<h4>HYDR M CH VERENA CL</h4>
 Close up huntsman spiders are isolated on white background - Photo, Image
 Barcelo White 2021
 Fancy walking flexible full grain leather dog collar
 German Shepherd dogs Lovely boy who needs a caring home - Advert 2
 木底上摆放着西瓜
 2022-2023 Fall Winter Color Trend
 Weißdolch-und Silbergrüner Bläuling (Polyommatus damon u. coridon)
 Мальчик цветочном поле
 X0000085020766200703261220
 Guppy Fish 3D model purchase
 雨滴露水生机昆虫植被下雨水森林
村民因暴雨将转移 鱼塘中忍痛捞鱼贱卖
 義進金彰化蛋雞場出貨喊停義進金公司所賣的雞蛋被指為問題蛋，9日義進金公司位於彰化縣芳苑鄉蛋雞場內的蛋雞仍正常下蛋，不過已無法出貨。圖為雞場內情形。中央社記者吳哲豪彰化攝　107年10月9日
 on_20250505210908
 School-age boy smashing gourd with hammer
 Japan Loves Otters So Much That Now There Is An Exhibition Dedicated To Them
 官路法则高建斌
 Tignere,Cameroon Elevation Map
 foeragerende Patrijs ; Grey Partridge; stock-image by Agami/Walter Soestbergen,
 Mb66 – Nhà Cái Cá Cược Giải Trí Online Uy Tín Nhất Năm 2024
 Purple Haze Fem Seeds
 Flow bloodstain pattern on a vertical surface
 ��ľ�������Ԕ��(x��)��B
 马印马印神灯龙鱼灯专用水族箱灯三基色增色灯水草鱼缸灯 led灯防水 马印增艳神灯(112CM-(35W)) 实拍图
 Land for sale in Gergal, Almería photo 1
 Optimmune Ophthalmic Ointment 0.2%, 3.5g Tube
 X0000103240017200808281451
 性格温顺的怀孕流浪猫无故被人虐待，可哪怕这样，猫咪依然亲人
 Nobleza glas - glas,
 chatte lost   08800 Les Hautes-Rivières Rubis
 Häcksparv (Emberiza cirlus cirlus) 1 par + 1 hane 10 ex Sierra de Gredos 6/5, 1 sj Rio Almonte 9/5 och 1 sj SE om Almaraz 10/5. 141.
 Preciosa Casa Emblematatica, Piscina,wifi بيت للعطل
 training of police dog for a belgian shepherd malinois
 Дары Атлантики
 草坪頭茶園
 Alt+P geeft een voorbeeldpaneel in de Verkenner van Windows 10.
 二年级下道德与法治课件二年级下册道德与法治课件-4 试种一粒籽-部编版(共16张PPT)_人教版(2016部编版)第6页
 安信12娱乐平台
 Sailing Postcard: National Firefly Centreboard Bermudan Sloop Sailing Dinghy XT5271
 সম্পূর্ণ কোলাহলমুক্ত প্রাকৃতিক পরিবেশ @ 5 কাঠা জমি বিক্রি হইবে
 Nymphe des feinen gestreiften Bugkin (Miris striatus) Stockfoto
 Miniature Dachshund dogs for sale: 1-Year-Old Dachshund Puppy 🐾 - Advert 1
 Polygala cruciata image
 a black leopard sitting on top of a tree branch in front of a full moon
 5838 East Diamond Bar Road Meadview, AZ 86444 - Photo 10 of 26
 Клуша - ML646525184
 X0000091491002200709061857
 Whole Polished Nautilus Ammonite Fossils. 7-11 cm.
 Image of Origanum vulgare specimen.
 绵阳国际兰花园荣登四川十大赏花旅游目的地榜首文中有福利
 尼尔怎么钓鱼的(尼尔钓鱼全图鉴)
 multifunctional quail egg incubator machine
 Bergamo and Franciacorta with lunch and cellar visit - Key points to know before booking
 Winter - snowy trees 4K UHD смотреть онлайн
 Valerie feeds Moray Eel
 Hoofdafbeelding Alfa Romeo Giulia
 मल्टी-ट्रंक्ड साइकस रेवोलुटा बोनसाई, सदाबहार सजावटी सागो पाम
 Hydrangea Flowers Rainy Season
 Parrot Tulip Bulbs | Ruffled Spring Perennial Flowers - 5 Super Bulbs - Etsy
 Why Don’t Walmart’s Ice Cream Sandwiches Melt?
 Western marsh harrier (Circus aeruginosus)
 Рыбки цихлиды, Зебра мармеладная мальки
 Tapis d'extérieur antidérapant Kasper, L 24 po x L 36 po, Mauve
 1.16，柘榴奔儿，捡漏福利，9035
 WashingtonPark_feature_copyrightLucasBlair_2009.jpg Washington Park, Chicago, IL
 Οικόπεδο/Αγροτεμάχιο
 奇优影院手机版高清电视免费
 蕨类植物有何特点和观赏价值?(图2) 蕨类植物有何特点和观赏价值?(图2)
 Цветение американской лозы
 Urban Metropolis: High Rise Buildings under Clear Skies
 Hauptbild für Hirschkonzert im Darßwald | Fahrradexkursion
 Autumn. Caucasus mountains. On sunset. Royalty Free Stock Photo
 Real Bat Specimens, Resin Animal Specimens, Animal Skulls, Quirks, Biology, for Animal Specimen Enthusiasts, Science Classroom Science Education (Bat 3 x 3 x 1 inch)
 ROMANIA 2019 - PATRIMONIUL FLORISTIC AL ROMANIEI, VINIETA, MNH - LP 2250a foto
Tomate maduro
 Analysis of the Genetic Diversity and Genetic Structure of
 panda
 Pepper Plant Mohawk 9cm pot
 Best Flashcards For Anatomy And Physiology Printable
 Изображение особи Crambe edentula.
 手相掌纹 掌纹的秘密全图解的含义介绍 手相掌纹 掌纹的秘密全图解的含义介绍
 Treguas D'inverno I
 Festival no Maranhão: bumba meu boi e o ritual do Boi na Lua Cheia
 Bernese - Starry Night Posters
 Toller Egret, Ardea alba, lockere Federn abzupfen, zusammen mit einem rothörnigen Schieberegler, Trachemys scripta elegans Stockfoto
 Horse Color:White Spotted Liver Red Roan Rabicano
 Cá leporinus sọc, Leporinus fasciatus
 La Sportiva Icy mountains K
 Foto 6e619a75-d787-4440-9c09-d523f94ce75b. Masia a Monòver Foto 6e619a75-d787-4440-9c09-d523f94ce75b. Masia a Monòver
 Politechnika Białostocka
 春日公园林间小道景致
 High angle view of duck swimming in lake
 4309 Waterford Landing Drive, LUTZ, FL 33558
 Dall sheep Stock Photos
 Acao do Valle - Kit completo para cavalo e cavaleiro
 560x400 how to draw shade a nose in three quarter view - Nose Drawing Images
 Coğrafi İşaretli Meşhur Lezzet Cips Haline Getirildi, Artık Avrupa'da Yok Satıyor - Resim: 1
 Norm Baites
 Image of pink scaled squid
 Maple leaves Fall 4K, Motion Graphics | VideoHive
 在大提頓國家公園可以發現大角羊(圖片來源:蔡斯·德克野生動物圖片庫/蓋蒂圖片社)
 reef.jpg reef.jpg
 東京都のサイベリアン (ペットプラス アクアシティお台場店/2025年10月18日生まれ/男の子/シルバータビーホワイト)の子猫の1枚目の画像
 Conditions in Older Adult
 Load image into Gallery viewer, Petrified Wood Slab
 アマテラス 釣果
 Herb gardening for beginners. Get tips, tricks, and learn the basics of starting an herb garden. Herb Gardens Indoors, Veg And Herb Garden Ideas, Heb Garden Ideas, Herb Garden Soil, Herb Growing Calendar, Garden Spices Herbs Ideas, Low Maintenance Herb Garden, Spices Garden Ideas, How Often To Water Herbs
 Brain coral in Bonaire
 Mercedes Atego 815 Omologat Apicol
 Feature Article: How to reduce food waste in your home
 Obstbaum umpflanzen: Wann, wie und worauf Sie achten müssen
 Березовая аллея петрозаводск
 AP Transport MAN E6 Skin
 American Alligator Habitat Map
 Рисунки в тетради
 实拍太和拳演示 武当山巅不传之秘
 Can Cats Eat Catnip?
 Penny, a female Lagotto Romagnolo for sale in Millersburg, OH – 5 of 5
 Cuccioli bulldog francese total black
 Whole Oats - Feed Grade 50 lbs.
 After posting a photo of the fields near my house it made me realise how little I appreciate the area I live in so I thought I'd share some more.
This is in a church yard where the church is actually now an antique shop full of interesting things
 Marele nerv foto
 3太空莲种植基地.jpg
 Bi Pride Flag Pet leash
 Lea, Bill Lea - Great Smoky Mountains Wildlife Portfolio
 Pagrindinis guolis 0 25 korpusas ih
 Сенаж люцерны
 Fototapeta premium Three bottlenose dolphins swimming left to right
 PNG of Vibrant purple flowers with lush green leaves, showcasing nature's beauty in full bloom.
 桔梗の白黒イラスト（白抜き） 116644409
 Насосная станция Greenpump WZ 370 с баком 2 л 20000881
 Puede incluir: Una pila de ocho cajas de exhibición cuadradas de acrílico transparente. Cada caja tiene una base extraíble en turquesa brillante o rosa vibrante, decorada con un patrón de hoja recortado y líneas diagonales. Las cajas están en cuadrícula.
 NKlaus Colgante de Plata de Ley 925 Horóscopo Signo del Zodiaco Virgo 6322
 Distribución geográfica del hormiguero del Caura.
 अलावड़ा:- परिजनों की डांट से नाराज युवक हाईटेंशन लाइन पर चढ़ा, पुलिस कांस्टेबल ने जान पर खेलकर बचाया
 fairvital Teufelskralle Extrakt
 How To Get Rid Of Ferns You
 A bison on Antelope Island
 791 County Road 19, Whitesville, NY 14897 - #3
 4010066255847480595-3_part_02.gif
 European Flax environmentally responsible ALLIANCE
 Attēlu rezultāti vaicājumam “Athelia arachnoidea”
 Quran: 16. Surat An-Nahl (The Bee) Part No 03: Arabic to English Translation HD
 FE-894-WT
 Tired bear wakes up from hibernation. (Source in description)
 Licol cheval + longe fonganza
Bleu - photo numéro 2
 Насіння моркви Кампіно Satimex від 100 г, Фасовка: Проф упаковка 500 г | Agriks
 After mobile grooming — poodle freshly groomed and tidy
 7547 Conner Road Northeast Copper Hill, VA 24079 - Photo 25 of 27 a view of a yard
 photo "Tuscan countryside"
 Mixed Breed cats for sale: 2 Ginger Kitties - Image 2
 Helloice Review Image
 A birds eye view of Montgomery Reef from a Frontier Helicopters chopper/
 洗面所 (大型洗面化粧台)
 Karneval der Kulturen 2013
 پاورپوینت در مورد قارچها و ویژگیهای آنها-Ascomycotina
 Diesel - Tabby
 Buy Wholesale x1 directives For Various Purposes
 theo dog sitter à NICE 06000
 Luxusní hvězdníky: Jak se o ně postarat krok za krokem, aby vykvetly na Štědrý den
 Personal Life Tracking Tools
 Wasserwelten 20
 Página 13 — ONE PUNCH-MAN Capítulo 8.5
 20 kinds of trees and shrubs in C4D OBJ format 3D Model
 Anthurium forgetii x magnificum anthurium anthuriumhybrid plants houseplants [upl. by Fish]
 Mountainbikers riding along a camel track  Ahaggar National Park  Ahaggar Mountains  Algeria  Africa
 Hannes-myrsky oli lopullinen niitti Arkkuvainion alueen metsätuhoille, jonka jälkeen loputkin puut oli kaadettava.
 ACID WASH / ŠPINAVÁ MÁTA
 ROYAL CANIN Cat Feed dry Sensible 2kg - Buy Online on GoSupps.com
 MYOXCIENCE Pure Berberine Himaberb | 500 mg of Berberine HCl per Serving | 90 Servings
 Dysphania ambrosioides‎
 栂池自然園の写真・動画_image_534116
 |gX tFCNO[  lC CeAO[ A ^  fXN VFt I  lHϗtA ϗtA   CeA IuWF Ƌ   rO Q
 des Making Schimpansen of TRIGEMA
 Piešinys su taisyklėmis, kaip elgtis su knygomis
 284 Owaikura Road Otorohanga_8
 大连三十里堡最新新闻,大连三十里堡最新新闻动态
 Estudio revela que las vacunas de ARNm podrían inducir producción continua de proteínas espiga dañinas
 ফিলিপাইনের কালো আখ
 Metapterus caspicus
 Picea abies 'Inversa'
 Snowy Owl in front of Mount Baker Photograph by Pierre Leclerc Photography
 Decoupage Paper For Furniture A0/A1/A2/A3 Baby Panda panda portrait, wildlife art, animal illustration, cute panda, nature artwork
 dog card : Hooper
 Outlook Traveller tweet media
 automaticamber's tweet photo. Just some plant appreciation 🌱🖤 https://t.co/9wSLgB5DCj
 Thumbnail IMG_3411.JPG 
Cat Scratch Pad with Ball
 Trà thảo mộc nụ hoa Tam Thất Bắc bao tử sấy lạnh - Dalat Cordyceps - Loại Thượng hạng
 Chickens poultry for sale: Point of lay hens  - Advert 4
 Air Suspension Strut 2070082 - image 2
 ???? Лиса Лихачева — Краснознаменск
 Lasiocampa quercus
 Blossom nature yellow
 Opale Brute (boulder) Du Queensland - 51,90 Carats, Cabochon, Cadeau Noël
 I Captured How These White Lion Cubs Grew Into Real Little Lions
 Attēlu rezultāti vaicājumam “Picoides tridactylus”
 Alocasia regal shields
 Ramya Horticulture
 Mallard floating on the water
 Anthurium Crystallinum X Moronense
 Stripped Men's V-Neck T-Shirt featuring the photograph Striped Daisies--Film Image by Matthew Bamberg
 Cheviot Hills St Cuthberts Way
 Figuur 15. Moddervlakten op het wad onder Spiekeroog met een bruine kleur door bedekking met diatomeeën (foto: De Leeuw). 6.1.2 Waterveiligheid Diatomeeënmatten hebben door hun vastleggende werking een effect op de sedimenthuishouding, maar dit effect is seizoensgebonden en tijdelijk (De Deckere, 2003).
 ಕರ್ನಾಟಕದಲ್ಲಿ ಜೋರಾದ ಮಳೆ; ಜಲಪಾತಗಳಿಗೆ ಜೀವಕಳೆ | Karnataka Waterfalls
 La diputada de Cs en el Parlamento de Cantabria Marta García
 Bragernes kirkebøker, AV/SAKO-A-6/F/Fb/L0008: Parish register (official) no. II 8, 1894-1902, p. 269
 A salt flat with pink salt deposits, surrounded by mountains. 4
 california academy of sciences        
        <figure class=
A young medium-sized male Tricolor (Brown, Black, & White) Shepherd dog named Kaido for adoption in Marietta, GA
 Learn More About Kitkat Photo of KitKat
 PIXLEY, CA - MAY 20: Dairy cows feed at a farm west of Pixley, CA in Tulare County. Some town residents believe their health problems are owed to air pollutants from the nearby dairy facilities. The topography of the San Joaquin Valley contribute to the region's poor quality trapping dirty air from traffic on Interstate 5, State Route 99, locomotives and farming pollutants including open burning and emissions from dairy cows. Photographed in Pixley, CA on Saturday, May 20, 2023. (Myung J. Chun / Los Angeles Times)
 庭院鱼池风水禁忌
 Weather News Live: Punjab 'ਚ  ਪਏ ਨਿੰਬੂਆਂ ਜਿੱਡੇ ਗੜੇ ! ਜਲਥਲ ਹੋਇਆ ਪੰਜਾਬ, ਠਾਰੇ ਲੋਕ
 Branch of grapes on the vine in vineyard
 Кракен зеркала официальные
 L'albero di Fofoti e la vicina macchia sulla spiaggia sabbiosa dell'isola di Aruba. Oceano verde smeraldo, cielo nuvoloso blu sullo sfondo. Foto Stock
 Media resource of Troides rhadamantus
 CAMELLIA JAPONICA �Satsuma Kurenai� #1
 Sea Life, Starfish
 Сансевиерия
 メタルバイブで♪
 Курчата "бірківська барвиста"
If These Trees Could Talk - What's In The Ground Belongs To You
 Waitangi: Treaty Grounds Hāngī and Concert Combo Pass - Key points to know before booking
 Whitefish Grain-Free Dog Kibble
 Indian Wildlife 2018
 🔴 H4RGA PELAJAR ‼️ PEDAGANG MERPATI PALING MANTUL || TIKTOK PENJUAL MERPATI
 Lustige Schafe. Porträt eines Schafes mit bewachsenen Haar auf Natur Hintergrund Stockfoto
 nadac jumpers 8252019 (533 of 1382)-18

****************

> **ACTIVITY**
Which lines hold the word "Advert"? Return all of them from the records above.

> **TASK SOLUTION**
 German Shepherd dogs Lovely boy who needs a caring home - Advert 2
 Miniature Dachshund dogs for sale: 1-Year-Old Dachshund Puppy 🐾 - Advert 1
 Chickens poultry for sale: Point of lay hens  - Advert 4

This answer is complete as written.